We just started using the senseation harness and I cannot believe the improvement. Maggie is 11 months and weighs about 80lbs. We used to be able to walk so well together, but as she hit her 'teens' she started pulling and doing the 'zoomies'. I'm in my sixties, and with the icy roads, it became more difficult to take her walking safely. We were both missing it. OUr trainer fitted the harness carefully and it has been a God send. WE got the harness on Friday, and by saturday, Maggie was walking by my side. What a pleasure to be able to enjoy our walks again, without worry and stress. I strongly recommend it. But be sure that it fits properly, as it can rub and chaff if its too tight.


----------



## skylielover (Sep 27, 2008)

Thank you for all the comments. I just ordered one tonight, so I am very anxious to try it!


----------



## Chaucer and Mom (Feb 26, 2007)

I also am wondering what the difference is between the sensation and the easy walk.
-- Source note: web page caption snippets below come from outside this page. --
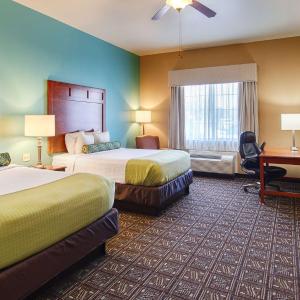 Queen Room with Two Queen Beds - Non-Smoking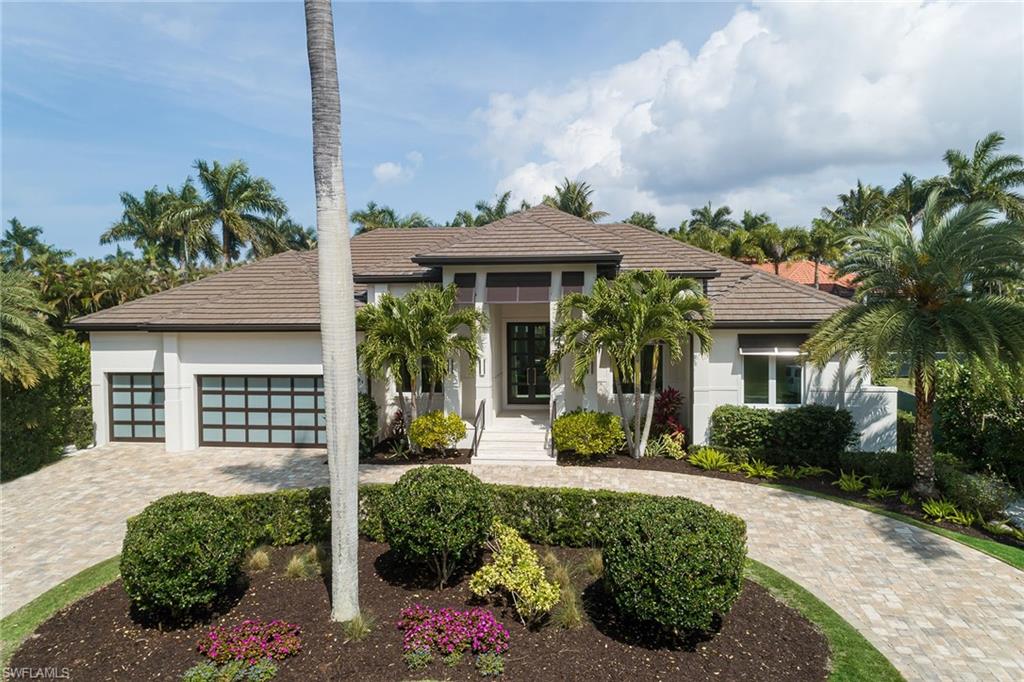 MOORINGS - Residential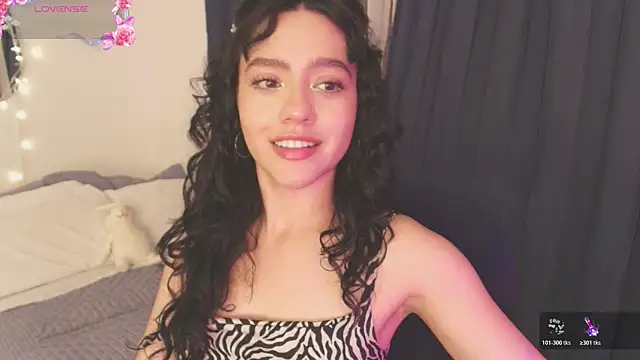 Snapshot of Katiieee chatting on 14, 5, 2026 Katiieee online show from 14, 5, 2026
I used the easy walk on Chaucer and Garrett and found I still did not have good control over them.


----------



## amy22 (May 11, 2008)

I use the Sensible..I think thats by Sensation..it is wonderful..Misty and I have such nice walks now..


----------



## LOVE GOLDENS (Feb 21, 2009)

Did anyone get their Sensation Harness at a local store? I cant seem to find that brand except for online. I am in definate need of one


----------



## amy22 (May 11, 2008)

I got Mistys in a little pet speciality store in Carmel CA..couldnt find one at petsmart or petco..


----------



## LOVE GOLDENS (Feb 21, 2009)

Thanks for the quick response! I guess I will probably have to order it.


----------



## amy22 (May 11, 2008)

YOur welcome...hope you can get one they are great!


----------



## Penny & Maggie's Mom (Oct 4, 2007)

I ordered our sensation harnesses from the manufacturer, and delivery was quite speedy. Love both them and the walk your dog with love ones.


----------



## LOVE GOLDENS (Feb 21, 2009)

WOW. Is all I can say. We just got the harness and it is amazing what a difference it makes! I have never had her so close to me that SHE stepped on my feet! Thanks for the tip! Yes, I ordered from the website and got it within 2 days!


----------



## Basketbagley (Aug 26, 2009)

Glad to hear that worked for you. We had same issue and we use a Gentle Lead Collar.
http://www.youtube.com/watch?v=7zPHnCfH774

This shows how to use it, and there is a very small adjustment period for the dog, but after a few times using it, its just WOW! It works like the lead you use on a horse, it really is awesome.

So its nice to know there are a few options for our "pullers"


----------